Tempers, Tensions Rise Over Ellington Project


Summer is coming to Georgetown, school terms are ending and things are heating up. Tempers and tensions, if not temperatures (so far), are rising along with the stunning new Duke Ellington School for the Arts, encompassing an entire block at 35th and R Streets. The project is seriously behind schedule and coming in more than double its intended budget of $78 million. After more than three years of construction, the new Duke Ellington is scheduled to be completed by the end of July, with move-in in August.

There are no more construction extension options left, said Ed Solomon, a Georgetown-Burleith Advisory Neighborhood Commissioner. That’s because the Ellington-displaced students must move out of their temporary digs at Meyer Elementary School across town.

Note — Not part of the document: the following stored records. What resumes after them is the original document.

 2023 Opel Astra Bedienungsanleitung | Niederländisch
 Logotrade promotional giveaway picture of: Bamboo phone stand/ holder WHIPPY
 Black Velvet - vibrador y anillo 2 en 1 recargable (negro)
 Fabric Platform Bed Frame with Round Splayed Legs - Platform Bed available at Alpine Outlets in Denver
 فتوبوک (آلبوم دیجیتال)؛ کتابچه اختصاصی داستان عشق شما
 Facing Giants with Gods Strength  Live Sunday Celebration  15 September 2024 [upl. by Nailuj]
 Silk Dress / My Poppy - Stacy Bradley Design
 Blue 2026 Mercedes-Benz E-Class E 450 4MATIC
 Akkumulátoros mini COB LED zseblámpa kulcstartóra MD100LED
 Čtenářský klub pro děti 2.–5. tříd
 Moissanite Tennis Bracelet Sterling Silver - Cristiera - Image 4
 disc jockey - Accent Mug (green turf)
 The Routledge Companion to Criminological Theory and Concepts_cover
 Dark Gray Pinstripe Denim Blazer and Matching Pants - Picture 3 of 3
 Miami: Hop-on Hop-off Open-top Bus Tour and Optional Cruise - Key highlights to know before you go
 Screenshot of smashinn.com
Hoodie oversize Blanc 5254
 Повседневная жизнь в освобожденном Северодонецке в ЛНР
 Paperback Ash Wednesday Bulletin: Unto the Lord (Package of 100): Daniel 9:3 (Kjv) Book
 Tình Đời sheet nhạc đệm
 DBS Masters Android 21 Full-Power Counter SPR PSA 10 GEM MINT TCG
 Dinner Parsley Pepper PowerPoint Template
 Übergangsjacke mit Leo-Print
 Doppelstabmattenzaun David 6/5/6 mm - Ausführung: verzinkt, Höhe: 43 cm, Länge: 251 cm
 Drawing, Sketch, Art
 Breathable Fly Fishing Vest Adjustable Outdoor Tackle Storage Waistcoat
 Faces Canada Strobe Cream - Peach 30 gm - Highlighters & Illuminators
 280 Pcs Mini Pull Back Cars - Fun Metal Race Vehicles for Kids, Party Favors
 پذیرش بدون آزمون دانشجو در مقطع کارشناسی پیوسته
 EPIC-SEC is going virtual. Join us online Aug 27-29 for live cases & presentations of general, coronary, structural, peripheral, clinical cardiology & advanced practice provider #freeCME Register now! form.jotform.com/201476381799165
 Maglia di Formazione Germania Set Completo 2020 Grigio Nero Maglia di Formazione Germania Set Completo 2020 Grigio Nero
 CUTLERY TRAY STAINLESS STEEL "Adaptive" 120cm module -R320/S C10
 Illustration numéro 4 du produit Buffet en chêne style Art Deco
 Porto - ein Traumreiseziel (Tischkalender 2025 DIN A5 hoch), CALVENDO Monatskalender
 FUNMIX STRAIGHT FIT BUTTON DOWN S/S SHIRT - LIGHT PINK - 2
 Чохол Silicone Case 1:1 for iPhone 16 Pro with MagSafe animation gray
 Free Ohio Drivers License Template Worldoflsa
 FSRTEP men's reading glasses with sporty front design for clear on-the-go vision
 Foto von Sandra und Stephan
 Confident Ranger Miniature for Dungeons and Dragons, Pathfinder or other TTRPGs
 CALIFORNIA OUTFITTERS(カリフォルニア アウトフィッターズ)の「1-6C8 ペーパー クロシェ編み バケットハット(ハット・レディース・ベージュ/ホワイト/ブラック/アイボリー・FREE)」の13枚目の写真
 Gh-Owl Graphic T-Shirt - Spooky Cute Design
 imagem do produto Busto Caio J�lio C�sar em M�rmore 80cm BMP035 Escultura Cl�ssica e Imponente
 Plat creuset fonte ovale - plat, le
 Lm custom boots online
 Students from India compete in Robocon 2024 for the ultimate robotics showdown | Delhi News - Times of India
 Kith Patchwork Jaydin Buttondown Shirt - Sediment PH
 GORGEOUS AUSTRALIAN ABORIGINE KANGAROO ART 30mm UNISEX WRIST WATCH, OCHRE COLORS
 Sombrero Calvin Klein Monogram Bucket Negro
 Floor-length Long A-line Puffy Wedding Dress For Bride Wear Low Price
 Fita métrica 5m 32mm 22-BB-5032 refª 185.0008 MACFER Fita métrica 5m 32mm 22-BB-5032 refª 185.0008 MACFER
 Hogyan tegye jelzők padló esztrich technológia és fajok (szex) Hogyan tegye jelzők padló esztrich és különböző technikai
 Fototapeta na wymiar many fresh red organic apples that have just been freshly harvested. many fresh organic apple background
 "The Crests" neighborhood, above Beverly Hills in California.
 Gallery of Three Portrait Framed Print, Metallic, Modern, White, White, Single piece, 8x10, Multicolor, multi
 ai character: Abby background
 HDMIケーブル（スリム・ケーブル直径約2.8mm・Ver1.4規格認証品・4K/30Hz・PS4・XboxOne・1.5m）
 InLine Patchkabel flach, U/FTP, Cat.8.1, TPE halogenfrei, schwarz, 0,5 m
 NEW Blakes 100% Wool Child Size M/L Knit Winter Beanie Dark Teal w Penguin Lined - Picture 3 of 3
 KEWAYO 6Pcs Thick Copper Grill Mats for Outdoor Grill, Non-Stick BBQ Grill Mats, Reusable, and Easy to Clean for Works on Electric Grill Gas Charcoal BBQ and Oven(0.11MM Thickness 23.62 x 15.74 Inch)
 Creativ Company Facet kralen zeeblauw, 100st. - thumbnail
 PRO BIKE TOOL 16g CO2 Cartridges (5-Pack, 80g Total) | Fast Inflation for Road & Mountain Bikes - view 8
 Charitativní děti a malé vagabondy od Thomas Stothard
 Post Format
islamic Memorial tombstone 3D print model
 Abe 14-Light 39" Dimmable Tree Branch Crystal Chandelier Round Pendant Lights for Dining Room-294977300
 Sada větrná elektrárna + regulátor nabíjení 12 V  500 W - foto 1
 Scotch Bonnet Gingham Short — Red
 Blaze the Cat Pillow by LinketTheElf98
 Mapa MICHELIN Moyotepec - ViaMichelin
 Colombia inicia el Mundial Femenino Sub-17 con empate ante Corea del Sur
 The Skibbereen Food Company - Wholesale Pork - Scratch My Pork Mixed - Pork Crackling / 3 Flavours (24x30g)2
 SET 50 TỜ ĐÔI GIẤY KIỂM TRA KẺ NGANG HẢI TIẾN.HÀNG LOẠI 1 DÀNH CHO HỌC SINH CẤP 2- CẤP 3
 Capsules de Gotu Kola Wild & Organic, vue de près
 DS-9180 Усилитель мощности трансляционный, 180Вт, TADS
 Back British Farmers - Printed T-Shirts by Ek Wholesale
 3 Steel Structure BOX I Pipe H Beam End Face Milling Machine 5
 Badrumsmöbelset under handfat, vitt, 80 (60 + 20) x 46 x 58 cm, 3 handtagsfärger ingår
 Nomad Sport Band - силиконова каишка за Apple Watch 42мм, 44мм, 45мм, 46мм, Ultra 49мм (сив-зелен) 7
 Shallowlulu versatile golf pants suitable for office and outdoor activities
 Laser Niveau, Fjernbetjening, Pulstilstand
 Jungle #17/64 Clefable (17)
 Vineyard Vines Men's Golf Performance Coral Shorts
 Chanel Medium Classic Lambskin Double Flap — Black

Contractors will be getting Meyer ready for Georgetown’s Hyde-Addison Elementary School students, who will move there (under parental protest) when their school on O Street shuts down for a two-year construction project in September.

“Everything is budgeted. Big money has been allocated,” said Solomon, who lives one block away from Duke Ellington. He is at the epicenter of years of neighborhood complaints about the construction. This spring, contractors began to rev up the work.

According to Solomon, neighbors reported that more than 300 workers, their trucks and private cars converge in the neighborhood’s narrow streets, including on Sundays, sometimes as early as 5:30 a.m. Residents’ cars have been damaged and unneighborly incidents have occurred. Hundreds of illegal parking citations have been issued. An earlier arrangement by Sigal Construction to have workers park at RFK Memorial Stadium and be shuttled to Georgetown is still “under review,” according to Solomon.

On May 4, a group of neighbors, including Solomon, demanded that the Department of Public Works stop the construction until some of their demands were met. They have an agreement with DPW but are waiting for a written letter of agreement.

Residents in general are in favor of — even excited by — what will be a state-of-the-art performing arts academy at the historic school, once known as Western High School, Solomon said. “But contract agreements to control disruptions to the neighborhood will be seriously reviewed and monitored in the future.”